- **Requirement**
Take the lines below from the one with "FCC KNS GEN" through the one with "Photo of 380" and print only them, exactly. Don't print the pictures.

- **Supplied data**
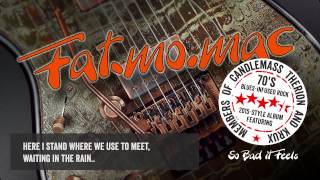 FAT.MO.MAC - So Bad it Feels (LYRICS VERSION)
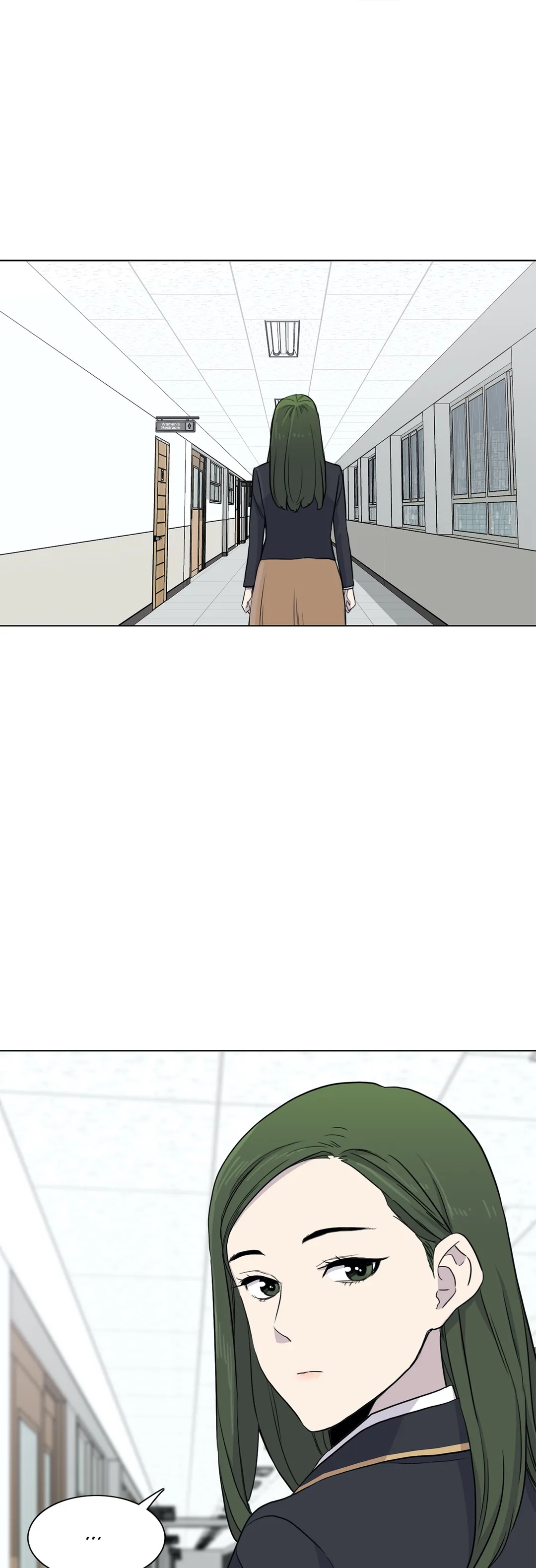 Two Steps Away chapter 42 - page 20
* * *
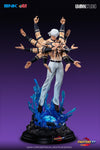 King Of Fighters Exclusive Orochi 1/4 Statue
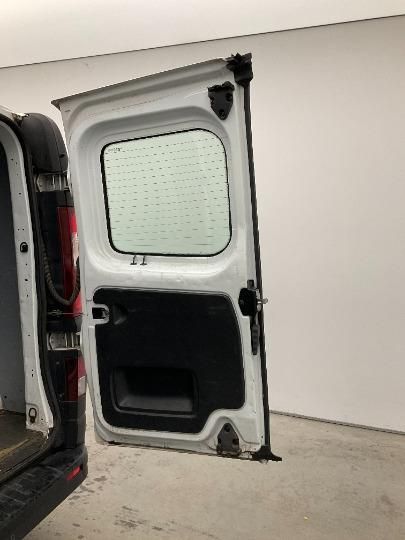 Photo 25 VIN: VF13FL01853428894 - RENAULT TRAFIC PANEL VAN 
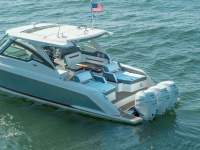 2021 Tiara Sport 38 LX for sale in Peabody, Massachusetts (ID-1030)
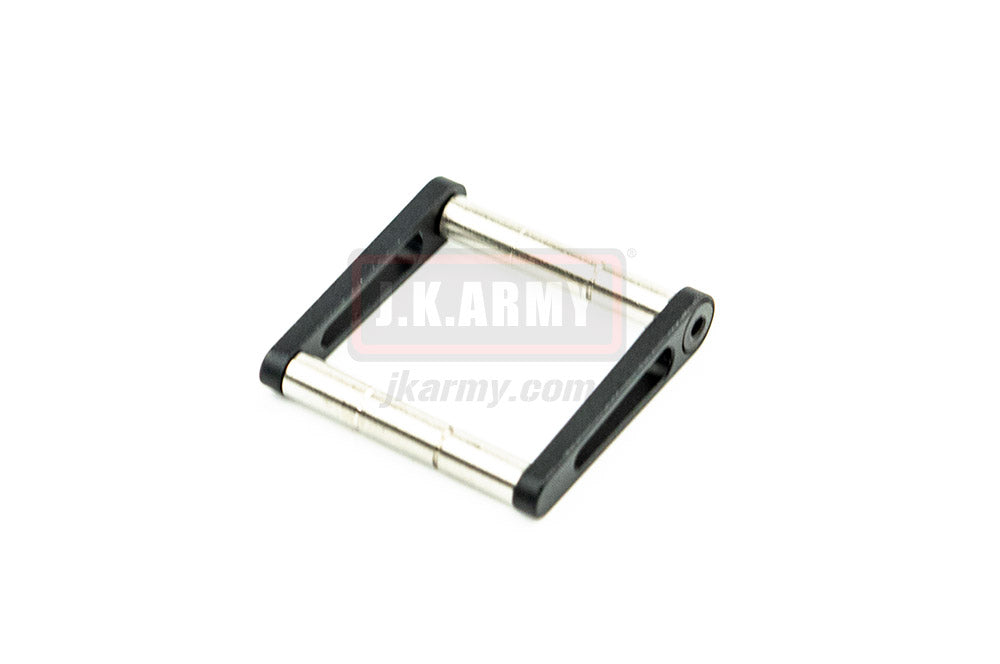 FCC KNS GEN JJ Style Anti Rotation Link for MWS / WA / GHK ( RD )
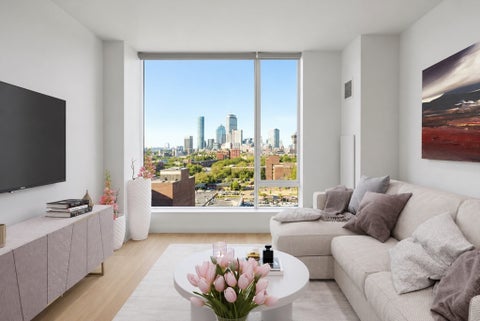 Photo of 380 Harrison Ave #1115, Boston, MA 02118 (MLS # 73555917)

- **Result of this task**
 FCC KNS GEN JJ Style Anti Rotation Link for MWS / WA / GHK ( RD )
 Photo of 380 Harrison Ave #1115, Boston, MA 02118 (MLS # 73555917)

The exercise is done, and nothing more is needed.